Sueño, con los ojos abiertos y el alma encendida, con ganar millones de dólares mensuales. No por codicia ni vanidad, sino por esa libertad sublime que nace cuando el dinero deja de ser una preocupación y se convierte en una herramienta para esculpir la vida que imagino.
¿Y para qué? Para viajar por el mundo como habitante temporal de cada rincón y no como turista apurada. Me perdería en los colores de los mercados de Marrakech, en el silencio dorado de los templos en Kioto, en los olores del pan recién horneado en las calles de Roma. Quiero caminar despacio, con el corazón ligero y el pasaporte lleno de historias.

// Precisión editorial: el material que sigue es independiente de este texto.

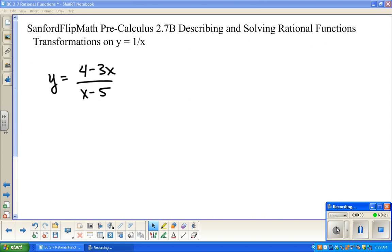Welcome to Sanford Flip Math. This is Pre-Calculus. We are working through Chapter 2 of the Pre-Calculus book by D'Amanda Waits, Foley-Kennedy, 4th or 5th edition — we have a little bit of each. And we are working on rational functions and rational equations. We're in Section 2-7.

Compartiría mi fortuna con quienes amo. Mi madre, que es raíz y cielo; mi hermano, mi llave, y mis sobrinos, que son mi refugio seguro.
También con mis amigas y mis primas. Montaríamos negocios juntas, no sólo para generar ingresos, sino para construir sueños comunes, redes de apoyo, independencia, y alegría.
Tendría la casa de mis sueños, aún no sé si frente al mar o en la montaña, rodeada de naturaleza. No sería un lujo vacío, sino un refugio con ventanas abiertas al sonido de afuera, una biblioteca inmensa, un rincón para escribir, para cantar, para existir. Allí el tiempo tendría otro ritmo, más lento, más pleno. Contrataría a mi chef personal y a un entrenador
físico.
Viviría por temporadas en lugares que siempre me han llamado, y así entender cómo el mundo se hizo tan vasto, tan diverso, tan profundamente bello. Empezaría en Venecia, dejándome llevar por el susurro del agua en los canales.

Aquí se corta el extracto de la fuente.